Based on this strategy, the main sustainability objectives for the Group were identified, in line with the Sustainable Development Goals (SDGs) of the United Nations, and with the expectations of our stakeholders, resulting in the definition of the "2030 Commitment" of the Altri Group. Every quarter we see progress in line with our purpose of building a more renewable world:

ESG Rating - Ecovadis

For the third consecutive year, Altri has been awarded the Platinum Medal in the sustainability assessment conducted by EcoVadis. The score of 87 out of 100 places the Altri Group in the top 1% of companies rated by EcoVadis in the Pulp, Paper, and Cardboard Production sector.

TIME Magazine

The Altri Group ranks 3 rd globally in its sector in the ranking of the 500 most sustainable companies in the world, compiled by TIME magazine in partnership with Statista. The ranking analysis evaluated more than 20 key indicators, covering environmental and social metrics, ESG ratings, and international commitments, highlighting the Group's consistent journey in sustainability.

Sustainability Day

During the third quarter of 2025, the Altri Group once again marked Sustainability Day, this time reinforcing the importance of collaboration between partners and sectors in a common journey to reduce impacts and create solutions through the sharing of knowledge, best practices,

and innovation. The session featured a specialist in carbon quantification and leading partner

companies who shared their experience and vision on the challenges and opportunities of the climate transition towards Net-Zero.
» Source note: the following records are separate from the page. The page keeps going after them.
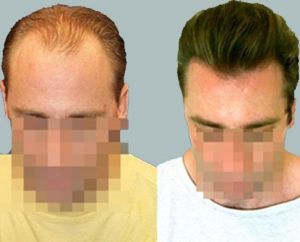 /foren/transplant/index.php?t=getfile&id=42402&private=0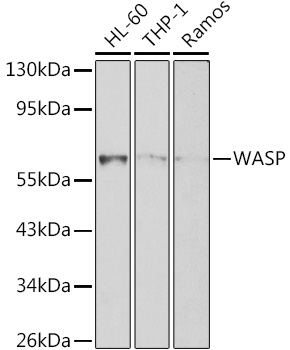 Anti-WASP / Wiskott-Aldrich syndrome protein Antibody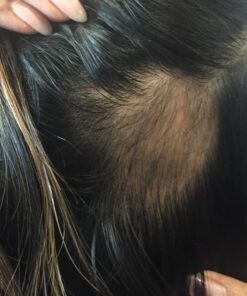 Naturenetics HairAnew Hair Growth Vitamins for Women & Men - Hair Vitamins For Faster Hair Growth & Thickness - Part of Proceeds go to Hair Loss Charity - Vegan Hair Supplement For Hair Skin Nails (1) 1 34 71GGOpmdxPL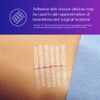 3M SteriStrip Adhesive Skin Closures R1542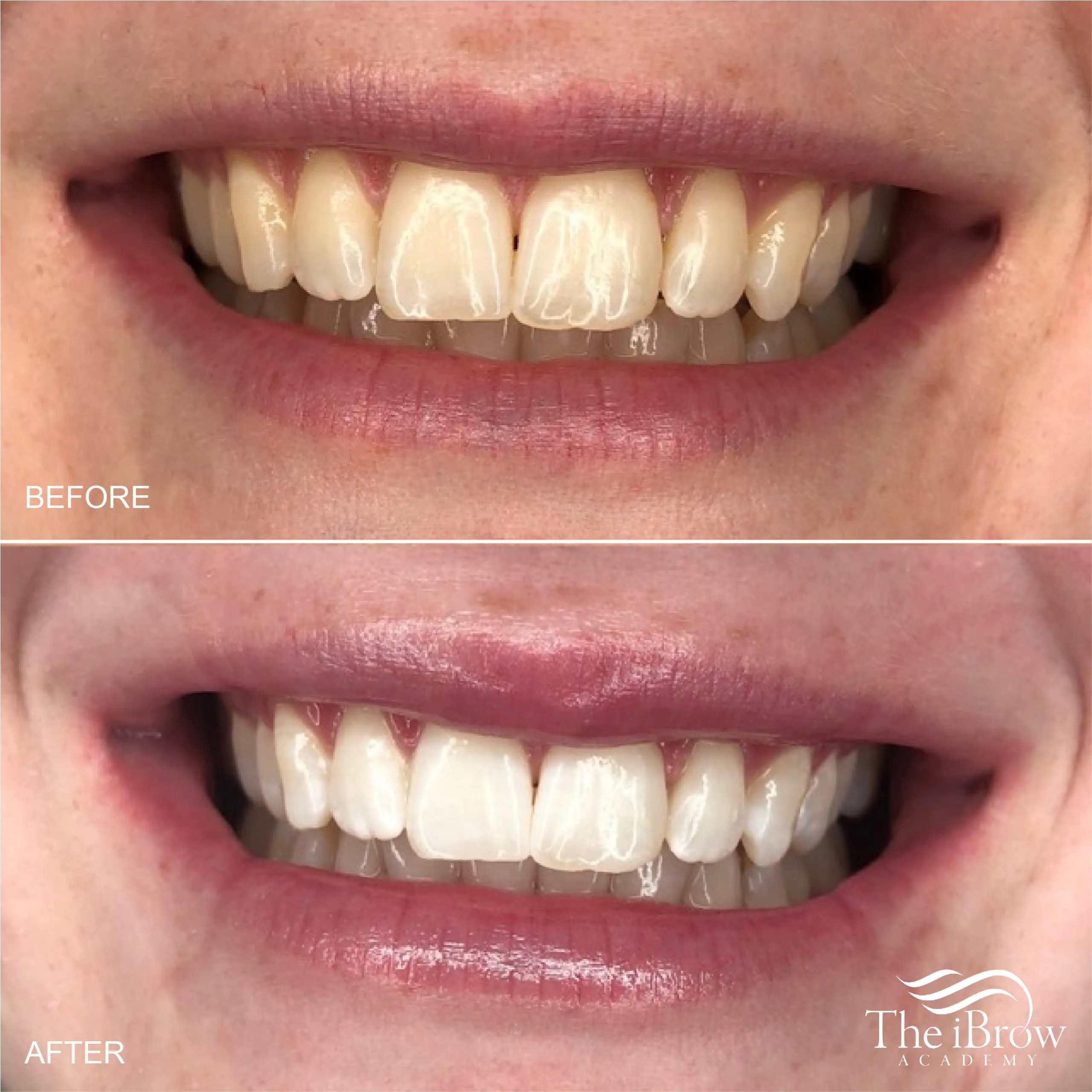 31902 trill teeth whitening results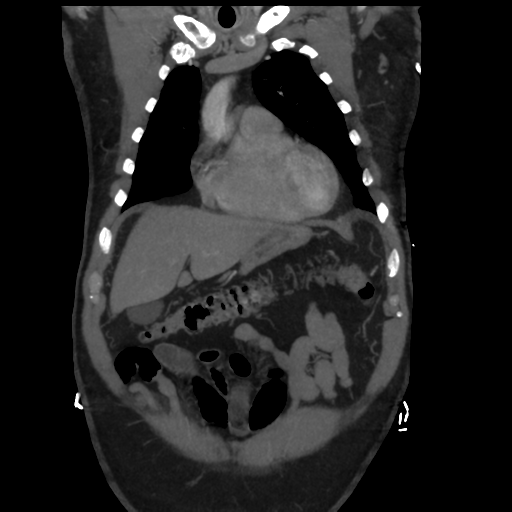 File:Aortic dissection- Stanford A (Radiopaedia 37759-39664 Coronal C+ delayed 8).png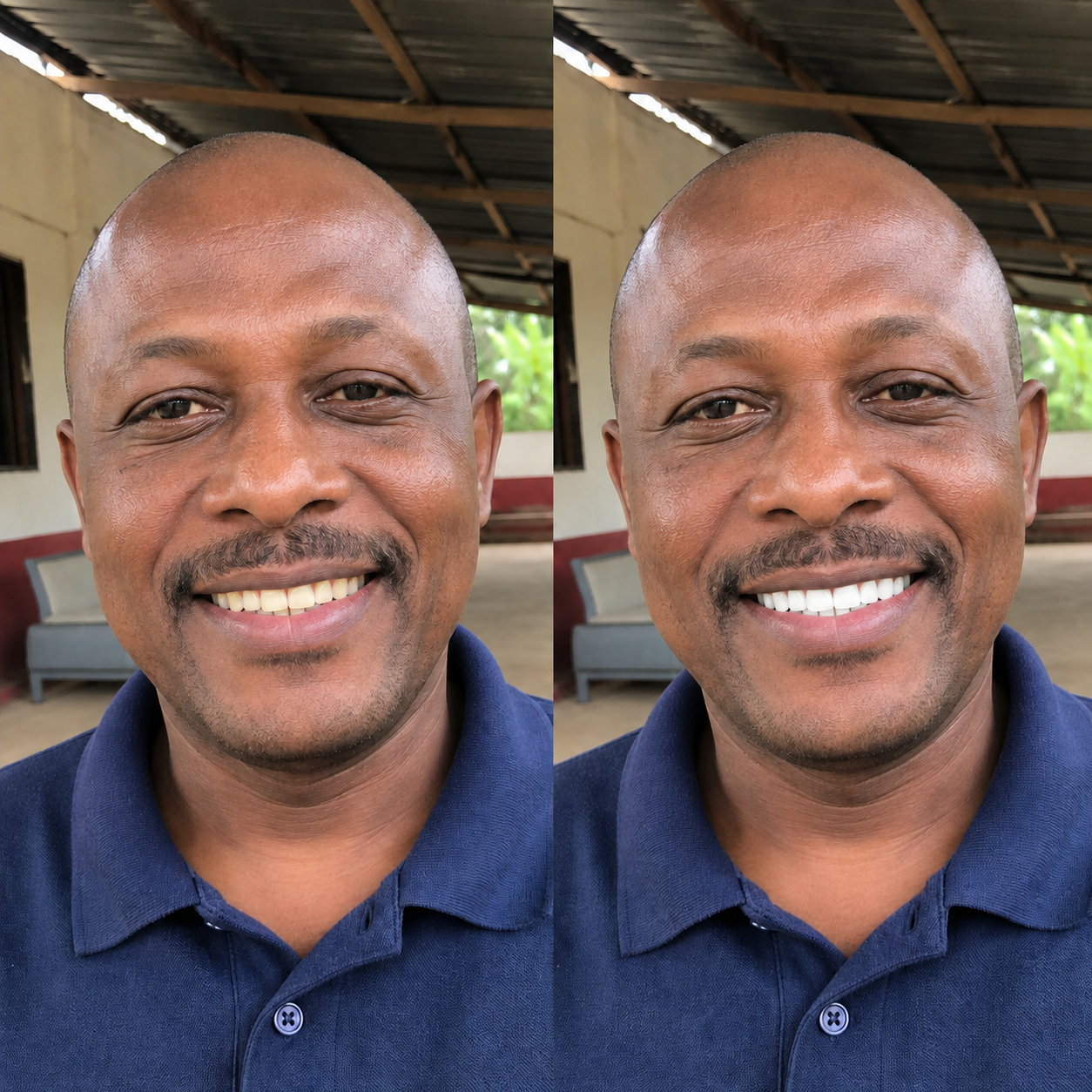 Avis de Serge K. sur Smile Kit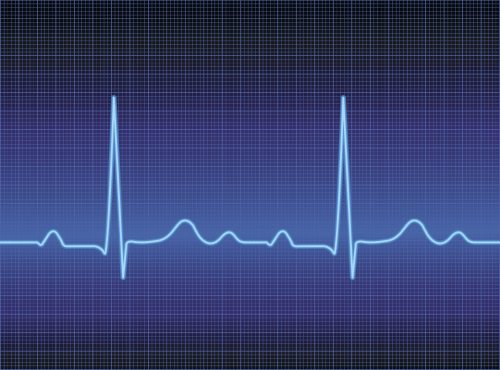 How does your heart health rate?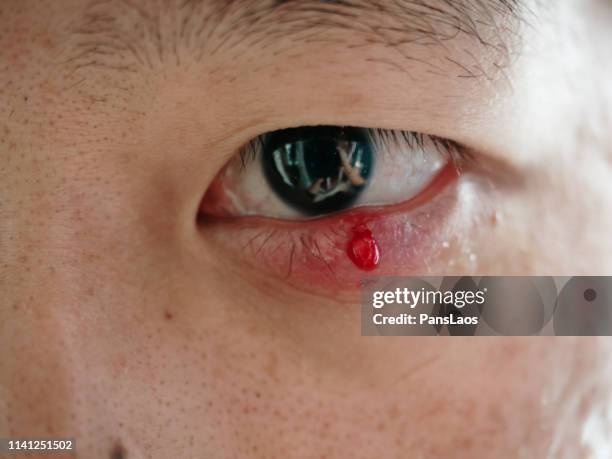 man with hordeolum ill eye - hordeolum stock pictures, royalty-free photos & images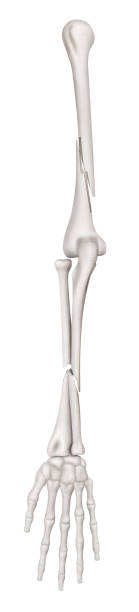 istock Ulna- Radius and Humerus Fractures or Broken Arms completed displaced fracture type anterior view- 3D Medical illustration- Healthcare- Human Anatomy and Medical Concept-Isolated white background. 1019890338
2 nd Health and Safety Convention

This convention brought together workers from various companies within the Group, where the main accident indicators and initiatives of the Safety Commitment were presented to reinforce the importance of prevention and the adoption of safe behaviors.

Perspectives

The reactivation of demand levels in the global pulp market felt at the beginning of 2025 was interrupted by the US announcements to establish tariffs on a large part of imports from April, with a significant impact on the Asian/Chinese region. This factor was central to the increase in economic uncertainty in the second quarter of 2025, leading to a slowdown in global pulp demand. With the measures and tariffs to be applied by the US stabilizing, we began to see some dynamism in the global pulp market demand, led by Asia and particularly China.
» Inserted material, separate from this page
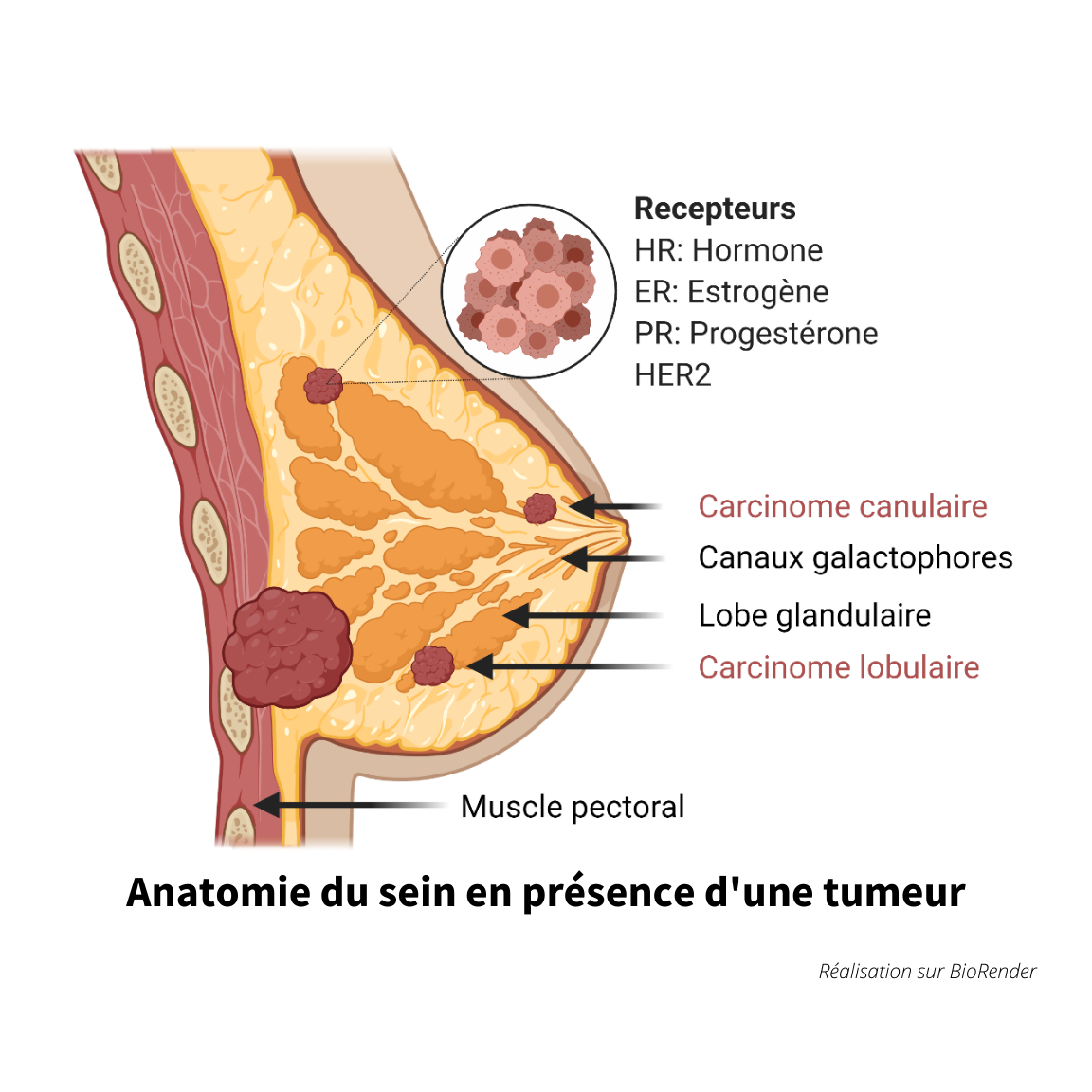 anatomie d'un sein en présence d'une tumeur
The consequence of this uncertainty led BHKP (Hardwood) pulp prices in China and Europe to drop to recent lows in the 2Q25, after some recovery at the beginning of 2025. With some reactivation of demand in Asia and with pulp prices in China close to marginal cost, we began to feel some recovery in prices, despite i) a slow evolution of global paper prices; ii) increases in local pulp capacity in China; and iii) an increase in the availability of local wood in China, which has led to occasional drops in marginal costs. We believe that this last factor may be more one-off as a consequence of the slowdown in the real estate sector in China. We maintain a moderate optimism for the recovery of price levels for the coming quarters as the pressure felt in the sector may lead to adjustments on the supply side.

The Altri Group remains focused on optimizing key costs in 2025. Due to high levels of operational excellence and continuous improvement, we again achieved a favorable evolution of variable costs during the 3Q25.
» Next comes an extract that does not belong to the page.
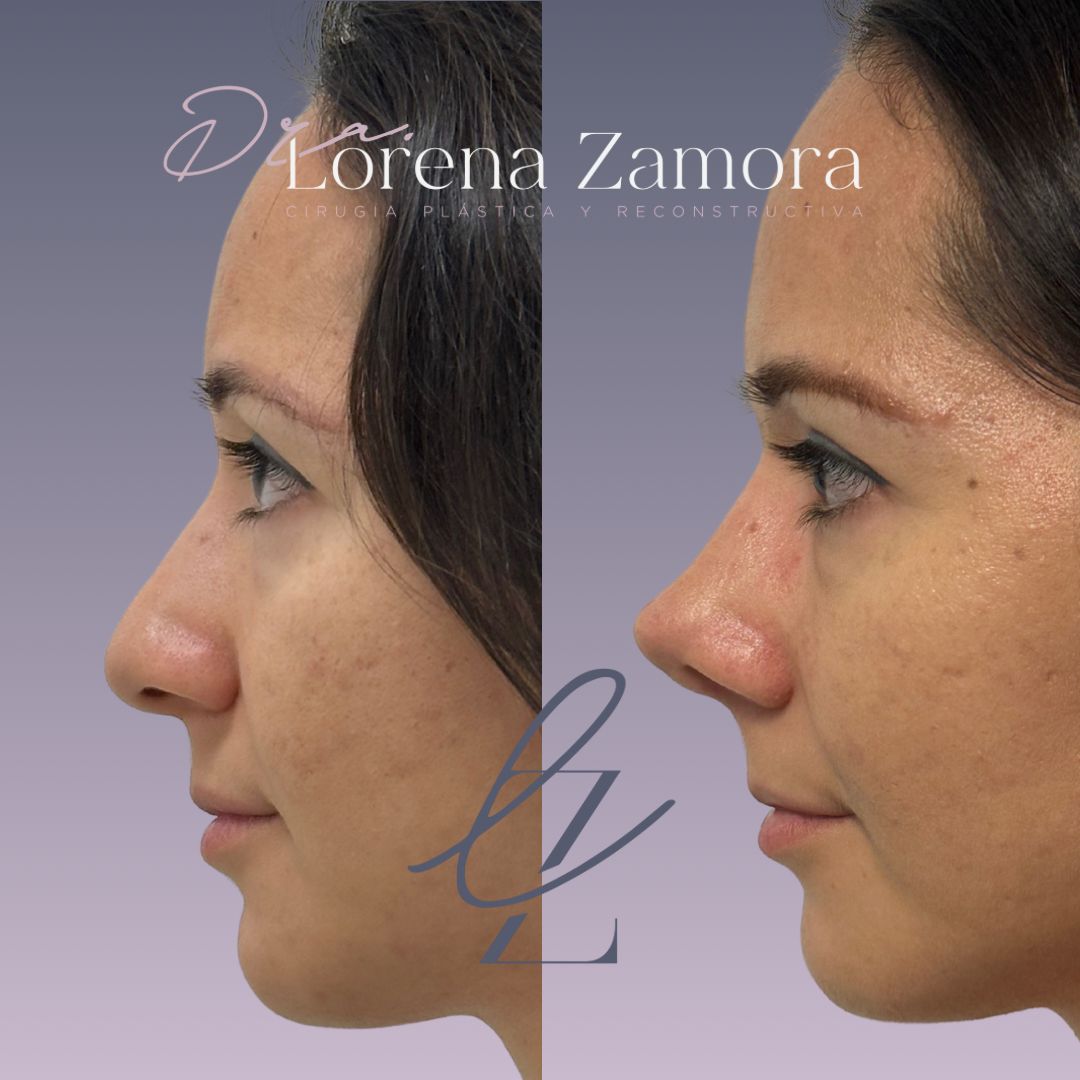 Lorena Zamora Pérez-2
On the diversification front of the Altri Group, the project to fully migrate pulp production (BHKP) to dissolving pulp (DP) continues at Biotek, with completion expected by the end of 2026. Additionally, the project to recover and valorize renewable-based acetic acid and furfural at Caima is expected to be completed in the first half of 2026, enabling the sale of a new high-value-added product.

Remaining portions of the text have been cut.